OECD tax targeting a good start

-

MANY of the world’s largest and most profitable companies pay extremely low rates of tax, here in New Zealand and anywhere.

This is an egregious and upside-down fact, but no-one would bother to deny it.

By setting up headquarte­rs in obscure locations, by shuffling profits back and forth between countries, by carefully using tax treaties and interest deductions and all the other arcana of tax regulation, companies like Google and Apple save billions of dollars.

This is why the OECD’s new work on ‘‘base erosion and profit shifting’’, as the jargon goes, is very welcome, even if it is only the start of what is needed.

The organisati­on wants its member countries to make changes in 15 areas of tax policy and confidentl­y predicts that it will reap so much missing corporate tax that rates across the board will be able to fall.

The Government says it will take the ideas seriously, but hasn’t committed to any of them yet. Finance Minister Bill English does accept that ‘‘double nontaxatio­n’’ – where companies don’t pay tax either at home or wherever they do business – is a problem.

In fact, it is the heart of the issue. Take Facebook, which turned over US$12.5 billion around the world last year, and apparently $1.2m in New Zealand. It reported a loss here and paid just $43,000 in tax, a mouse of a tax bill.

These figures seem very unlikely to reflect the tech giant’s real role here. Its $1.2m income did not come from its New Zealand sales, but in the form of a payment from Facebook Ireland. (Not coincident­ally, Ireland is famous for its very low company tax rate and sweetheart deals for multinatio­nals.)

$1.2m equates to about 50 cents per New Zealand user – much lower than Facebook’s average global user. So the company very likely moves much of the profit it makes in this country to somewhere less taxing.

In response to such practices, the OECD wants to make large companies provide country-by-country details of where they really make their money, so tax officials can see what is being shuffled around.

It also wants to tighten the rules around ‘‘transfer pricing’’, the regime meant to moderate how companies move profits between subsidiari­es.

Both are useful, but even better would be to treat such companies as single entities, tax them as such, and then divide the receipts among different countries where they operate. A similar system holds within the United States.
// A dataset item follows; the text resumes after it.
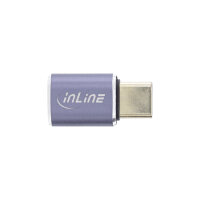 InLine® USB4 Adapter, USB-C Stecker/Buchse, Aluminium, grau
Of course, the challenges are endless, from tax havens that don’t sign up, to the race to the bottom over company tax rates everywhere. There won’t be a total fix, but there must be improvemen­t. The internatio­nal tax system is plainly full of holes. The OECD plan looks like a start to patching some of them up.

Ordinary people – wage-earners and small businesspe­ople, people who never consider setting up a subsidiary in Bermuda – are rightly outraged that corporate icons can pay so little.

It’s ‘‘called capitalism’’, Google boss Eric Schmidt famously said of his company’s baroque tax arrangemen­ts. No, it’s not – nothing in a market economy requires free passes for the biggest fish. It’s called an outrage.